La reconnaissance concerne l'indépendance de deux territoires prorusses du Donbass ukrainien, bassin minier et industriel frontalier de la Russie: les "républiques" autoproclamées de Donetsk et Lougansk, dont les "dirigeants" avaient appelé lundi le président russe à reconnaître leur souveraineté.
Dans une déclaration qui a débuté lundi soir à 19h30, le président russe a commencé par rappeler les liens entre l'Ukraine et la Russie, puis dénoncé l'influence croissante de l'Occident et des Etats-Unis sur Kiev, qui menacerait la Russie.

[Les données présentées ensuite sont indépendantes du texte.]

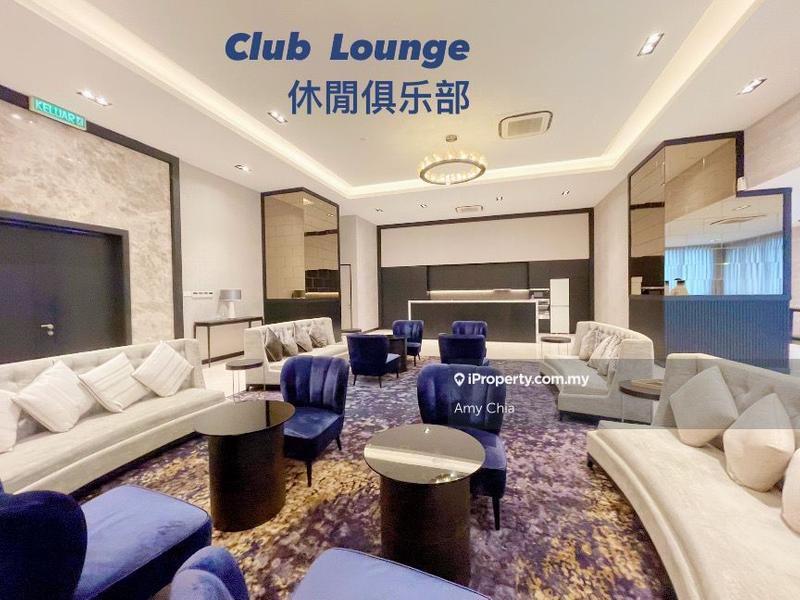 Condominium for Rent in Pavilion Hilltop by Amy Chia - iProperty.com.my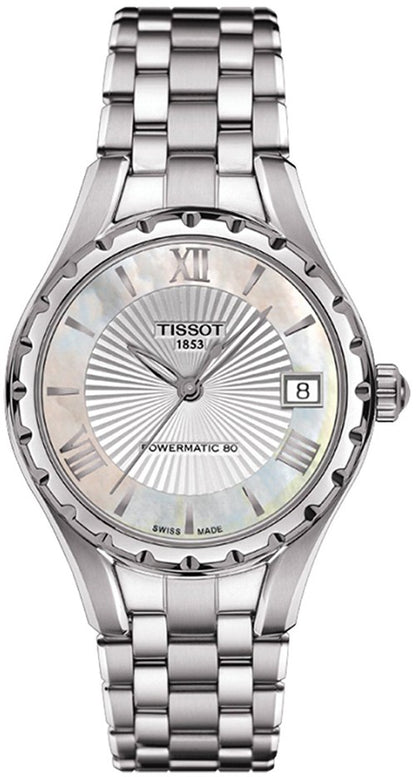 Tissot Lady 80 Automatic T072.207.11.118.00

Enchaînant les reproches, il a décrit l'Ukraine comme une colonie américaine avec un "régime de marionnette". Il a également accusé Kiev d'avoir volé du gaz russe par le passé et déclaré que ce pays n'avait jamais eu de véritable tradition d'Etat.
L'OTAN est une menace directe pour la sécurité de la Russie, a répété le président russe. Ses centres établis en Ukraine équivalent à des bases militaires de l'alliance, a-t-il estimé.
Vladimir Poutine a encore affirmé que Kiev prévoyait de créer ses propres armes nucléaires. Et si le pays reçoit des armes de destruction massive, "la situation mondiale changera drastiquement", a-t-il assuré.
C'est en conclusion qu'il a annoncé son choix de reconnaître l'indépendance des "républiques" prorusses autoproclamées de l'est de l'Ukraine. "Je juge nécessaire de prendre cette décision qui était mûre depuis longtemps", a-t-il déclaré. La télévision russe a ensuite montré le chef de l'Etat en train de signer un décret en ce sens.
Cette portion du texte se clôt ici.